FOR IMMEDIATE RELEASE:
Wednesday, August 26,2015
For more information, contact:
CPS Office of Communications
The Chicago Board of Education voted today to approve the proposed Fiscal Year 2016 (FY16) Chicago Public Schools (CPS) budget, which preserves as much classroom funding as possible while reducing expenses in the District’s control. The budget includes $200 million in painful cuts and relies on support from leaders in Springfield to bring stability to CPS’s financial situation by ending pension inequity.
Since 2011, CPS has reduced total spending across the board by nearly $1 billion, making cuts to central office and maximizing efficiencies wherever possible. This budget reduces all spending within the District’s control, with operating, capital and debt spending are all down over last year, however, action from Springfield is required for CPS to a sustainable financial future.
“There is no question that the budget approved today is not the budget we want for our schools this year, but it does reflect the District’s extremely challenging financial situation in the absence of pension reform and sufficient state education funding,” said CPS CEO Forrest Claypool. “We are pleased leaders in Springfield have acknowledged our structural deficit must be addressed, and we will continue working diligently with our partners to ensure a solution is reached that brings CPS the resources it needs to provide every one of its students with a high-quality education at the school of their choice.”

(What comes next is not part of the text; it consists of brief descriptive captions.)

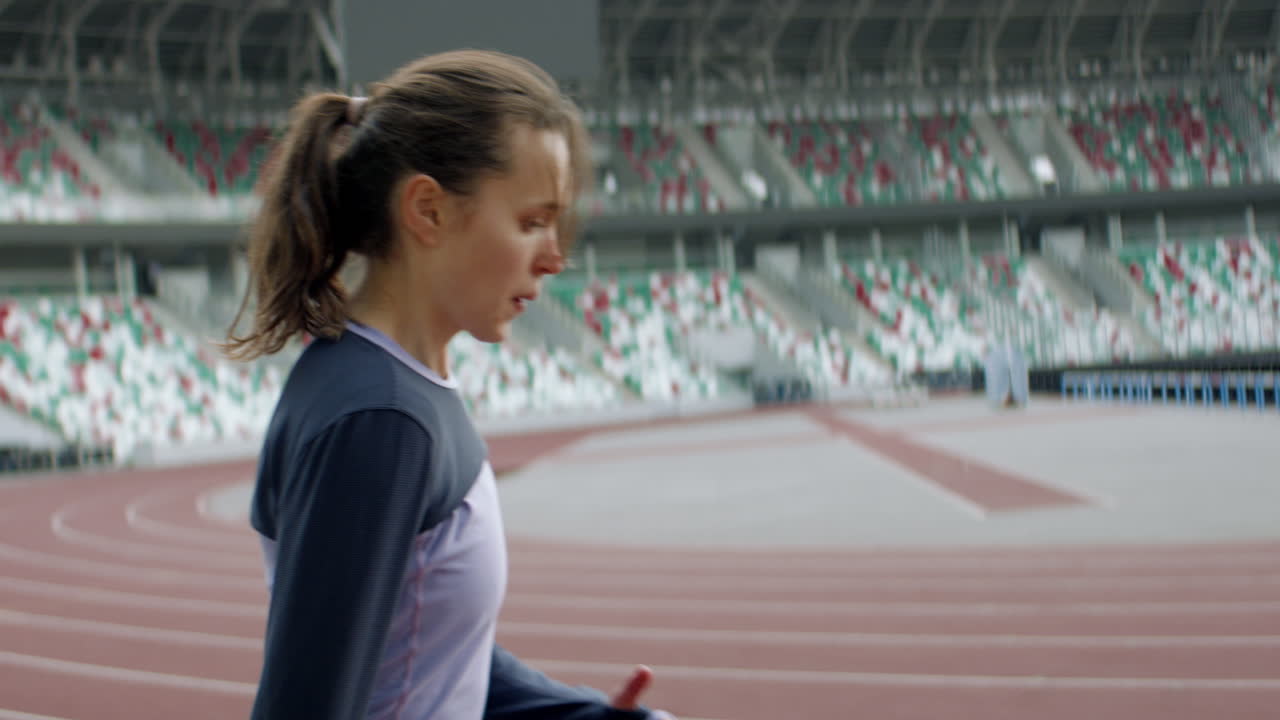 아침 일찍 빈 경기장 트랙에서 달리기 전에 따뜻해지는 백인 여성의 초상화. 아나모르픽 렌즈로 촬영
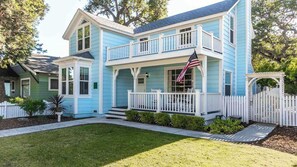 Ein zweistöckiges Haus mit Balkon, weißem Zaun und einer US-amerikanischen Flagge.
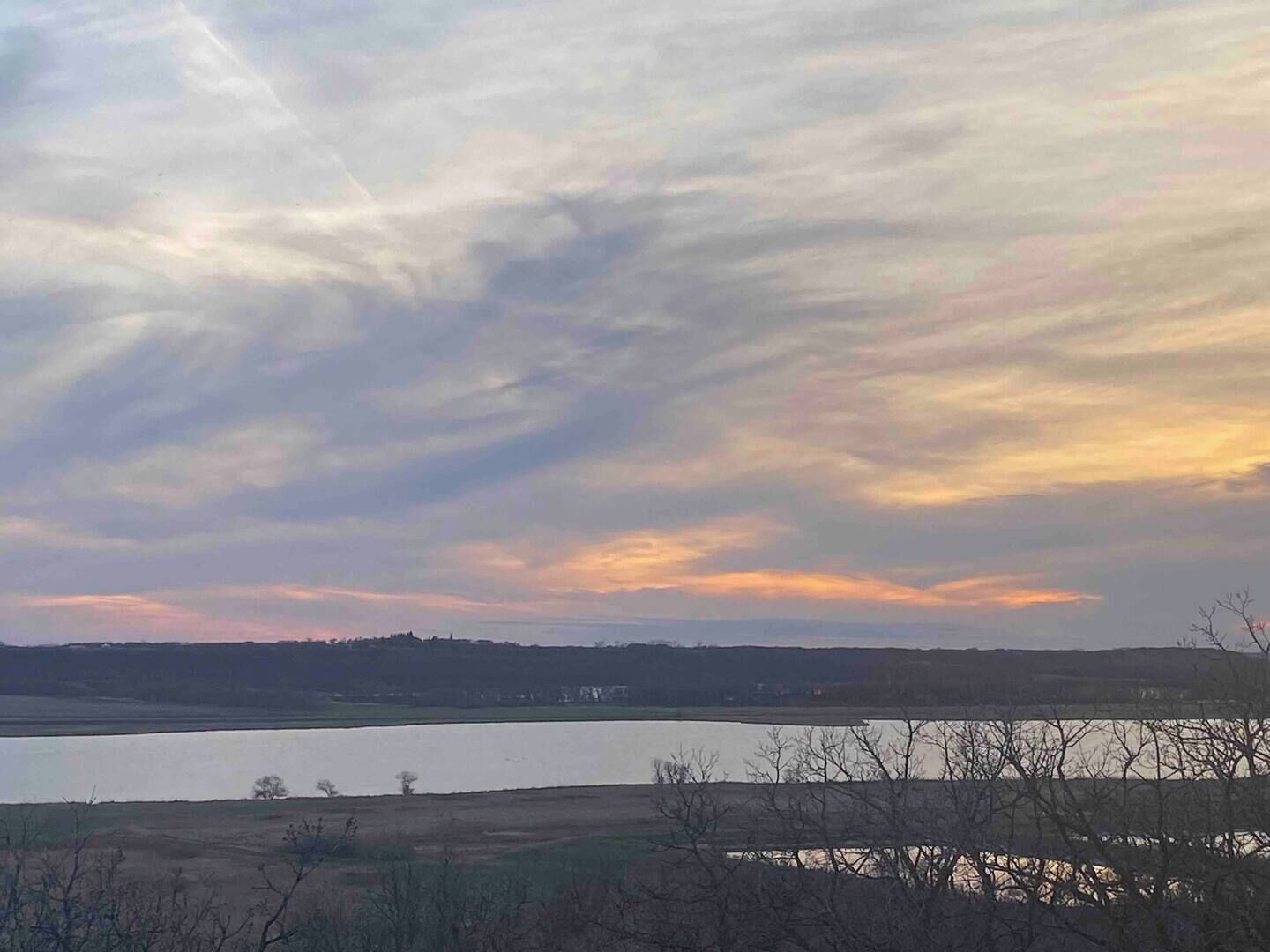 Un paysage comprenant une étendue d’eau, des arbres et un ciel nuageux.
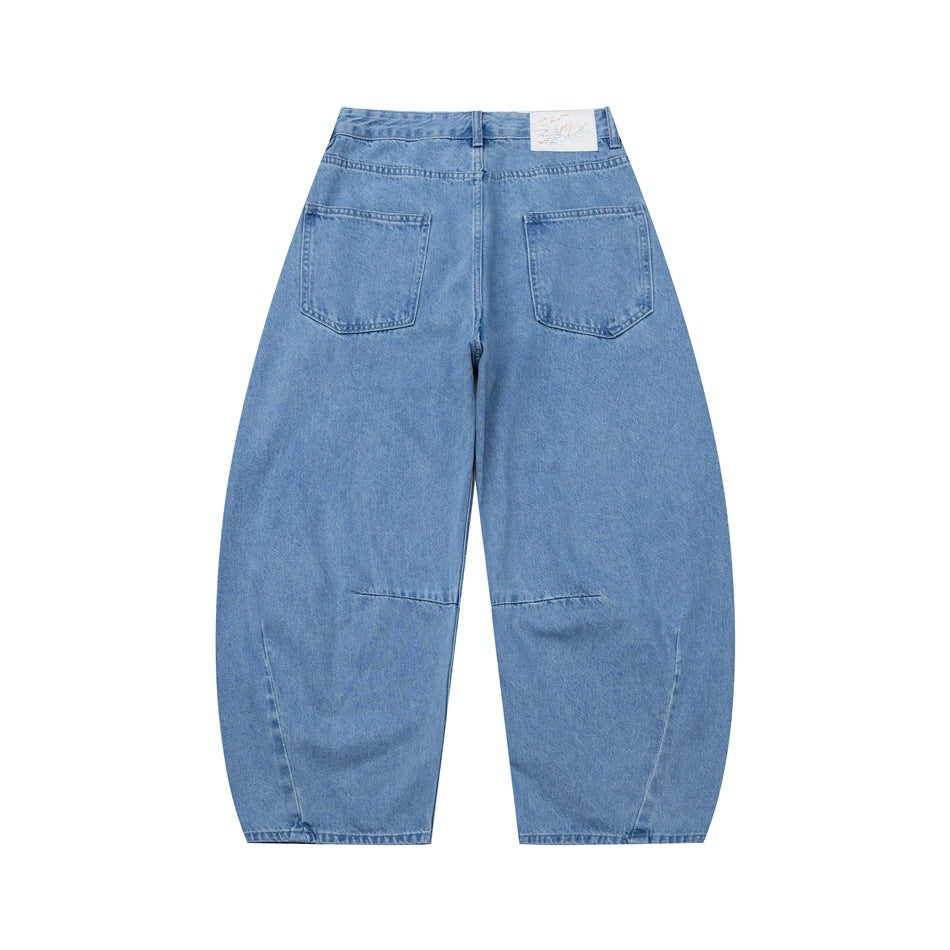 Back view of light blue barrel-leg denim jeans with two patch pockets and a white waistband label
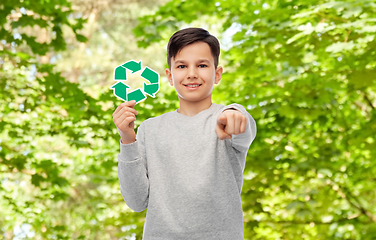 Image showing happy boy with recycling sign pointing to you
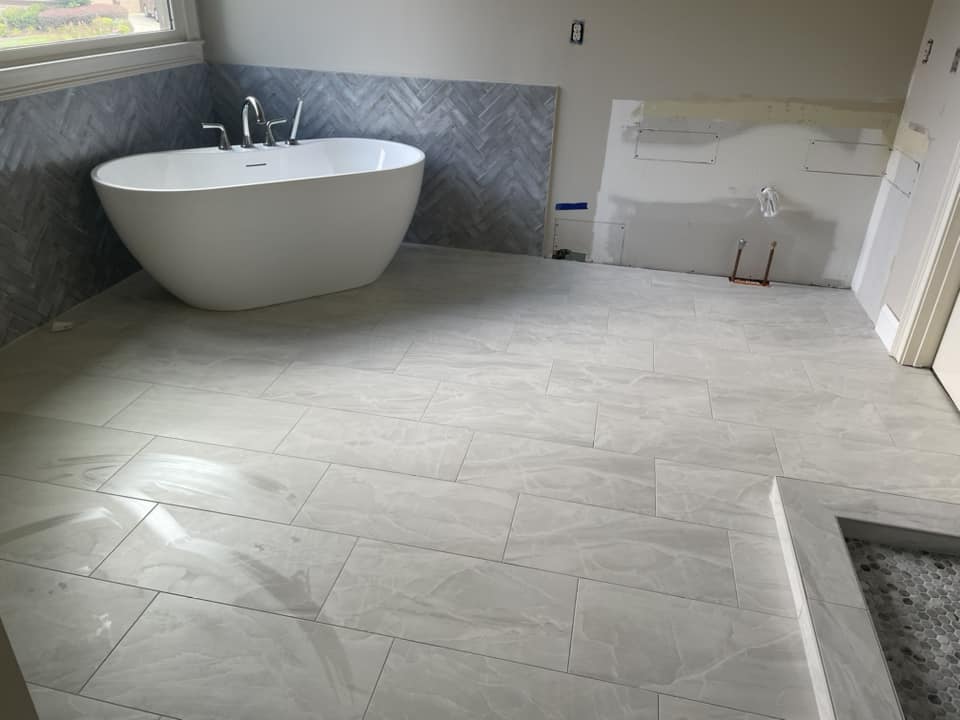 Freestanding tub on a large-format tile floor by Peter's Tile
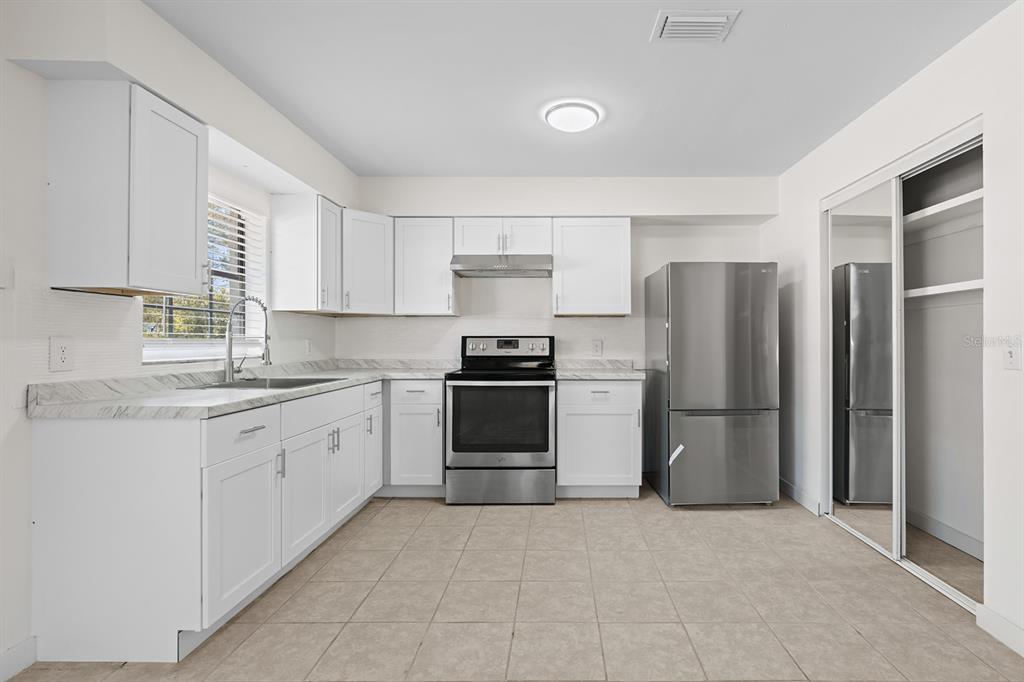 A kitchen features white cabinets, stainless steel appliances, marble-patterned countertops, and light-colored tile flooring — 452 N ELMWOOD POINT, CRYSTAL RIVER, FL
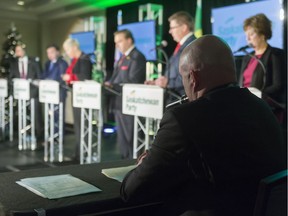 Saskatchewan Party leadership candidates take part in a debate held in Regina on Dec. 7. The moderator is sitting in the foreground.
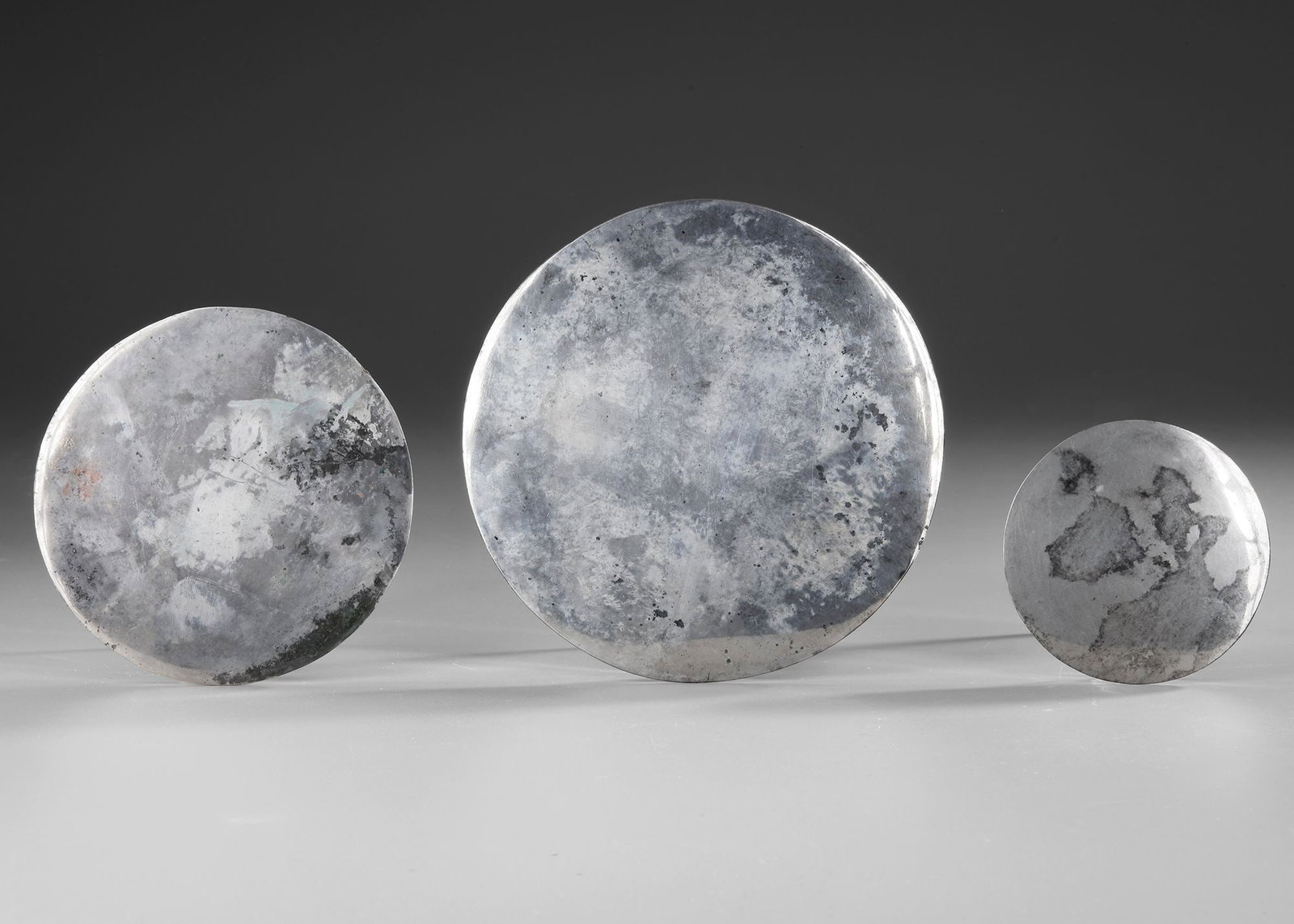 THREE ROMAN SILVER MIRRORS, 1ST - 2ND CENTURY AD: Diameter 15, 12 and 8 cm.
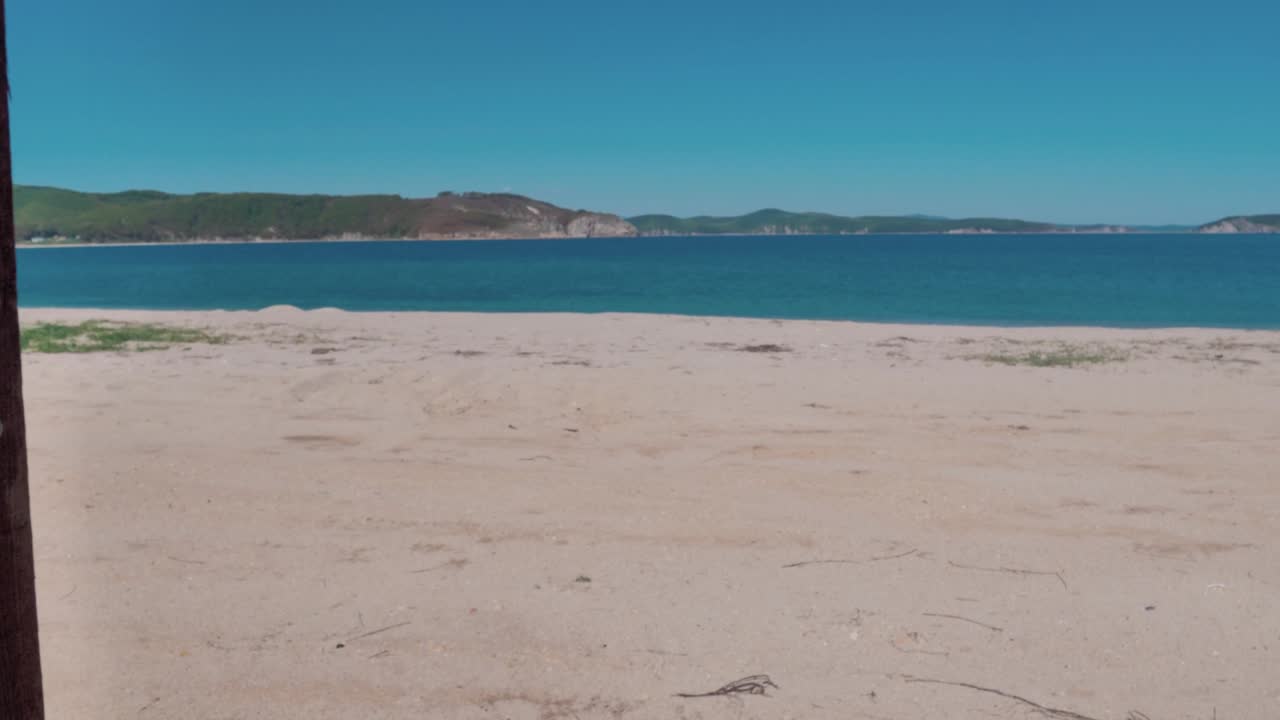 사람의 손으로 만든 나무 문이 터키즈색 바다와 함께 놀라운 열대 해변으로 문을 열고 완벽한 장소로 들어갑니다.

Entering FY16, the District has a $1.1 billion structural deficit, which is largely driven by a state-mandated $676 million pension contribution. Unlike all other school districts in Illinois, CPS must pay for its own teacher pensions, while Chicago taxpayers also pay into the pension plan for teachers outside of CPS. The end result of this broken system is that other districts receive $2,266 per pupil in pension funding from the state while CPS receives just $31. This places a severe pension burden on CPS, and it has forced the District to cut critical resources in order to meet its pension obligation.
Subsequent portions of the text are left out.